Déclaration de Mme Power sur les allégations d’abus sexuels commis par les soldats de la paix en République centrafricaine

Mission des États-Unis auprès des Nations unies

Mme l’ambassadrice Samantha Power

Représentante permanente des États-Unis à l’ONU

Bambari, République centrafricaine

Les rapports de nouvelles allégations d’abus et d’exploitation sexuels commis par du personnel de l’ONU ou extérieur à l’organisation en République centrafricaine sont écœurants. […] Dans ces cas, comme dans toute allégation d’abus et d’exploitation sexuels, il est d’une importance capitale de mener des enquêtes immédiates, approfondies et impartiales et, si ces allégations sont prouvées, de tenir les auteurs pour responsables.

[…] J’ai eu l’occasion de rencontrer certaines des familles des victimes d’abus sexuels. C’était effroyable de les entendre décrire comment des soldats de la paix sur lesquels elles avaient compté en tant que protecteurs étaient devenus les auteurs d’abus.
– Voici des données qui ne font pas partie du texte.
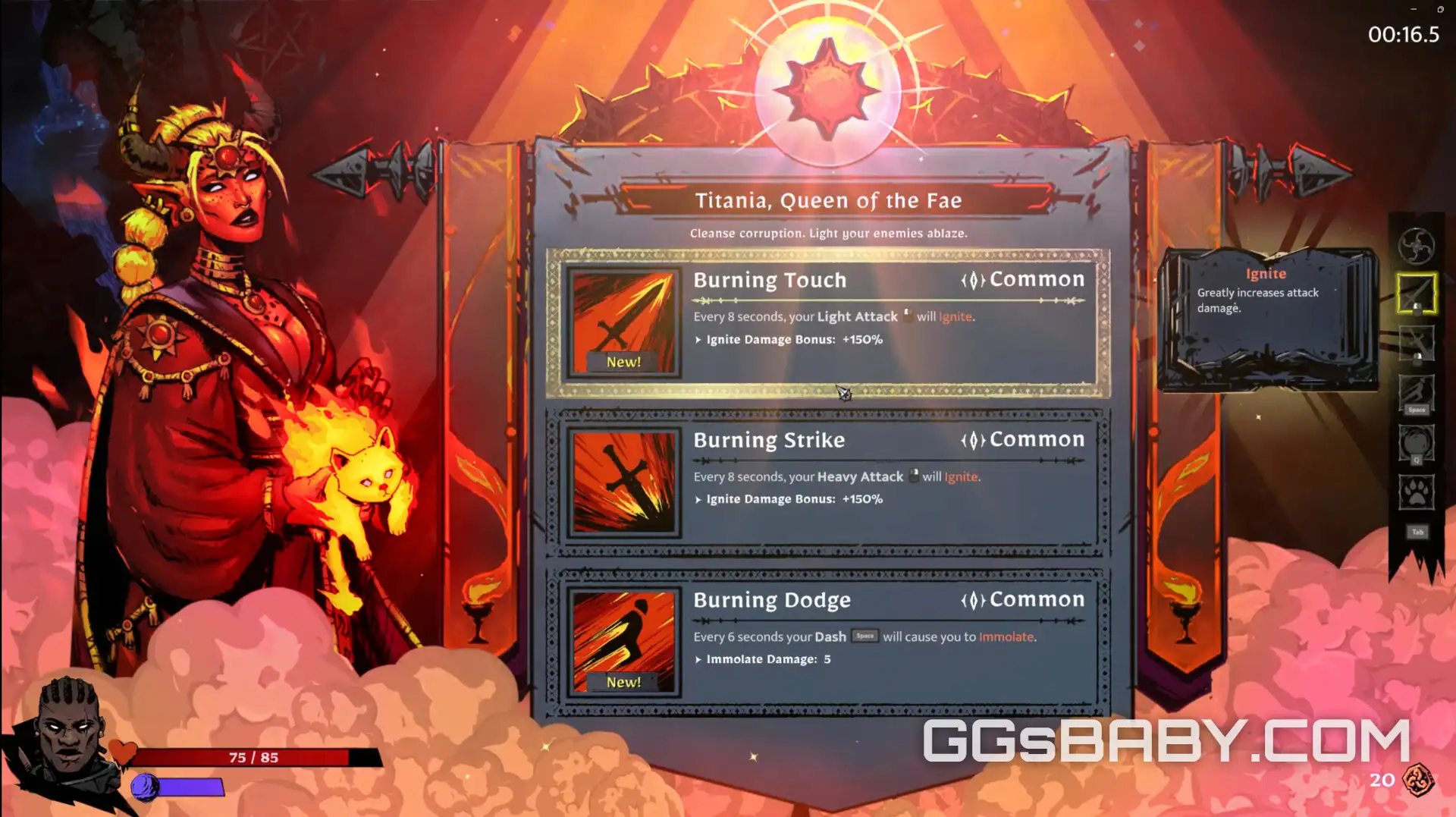 Titania Fae blessing upgrade selection menu offering fire boons in SWORN via ggsbaby.com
Nos conversations ont montré comment la peine et la souffrance – et le sentiment aigu de trahison – perdurent longtemps après les actes odieux eux-mêmes. Témoignant de la douleur actuellement ressentie par les familles des victimes, les adolescentes violées par les casques bleus de l’ONU ont été exclues de leurs communautés, elles-mêmes tenues pour responsables des abus sexuels infligés aux jeunes filles.

Les habitants de la République centrafricaine ont été témoins du potentiel des soldats de la paix pour accomplir un bien considérable, mais aussi pour infliger un mal immense. Je suis venue ici pour assister à l’investiture du nouveau président du pays, M. Faustin-Archange Touadéra, une passation de pouvoir démocratique et pacifique qui aurait bien pu ne pas avoir lieu sans la présence des casques bleus de l’ONU et des autres forces internationales.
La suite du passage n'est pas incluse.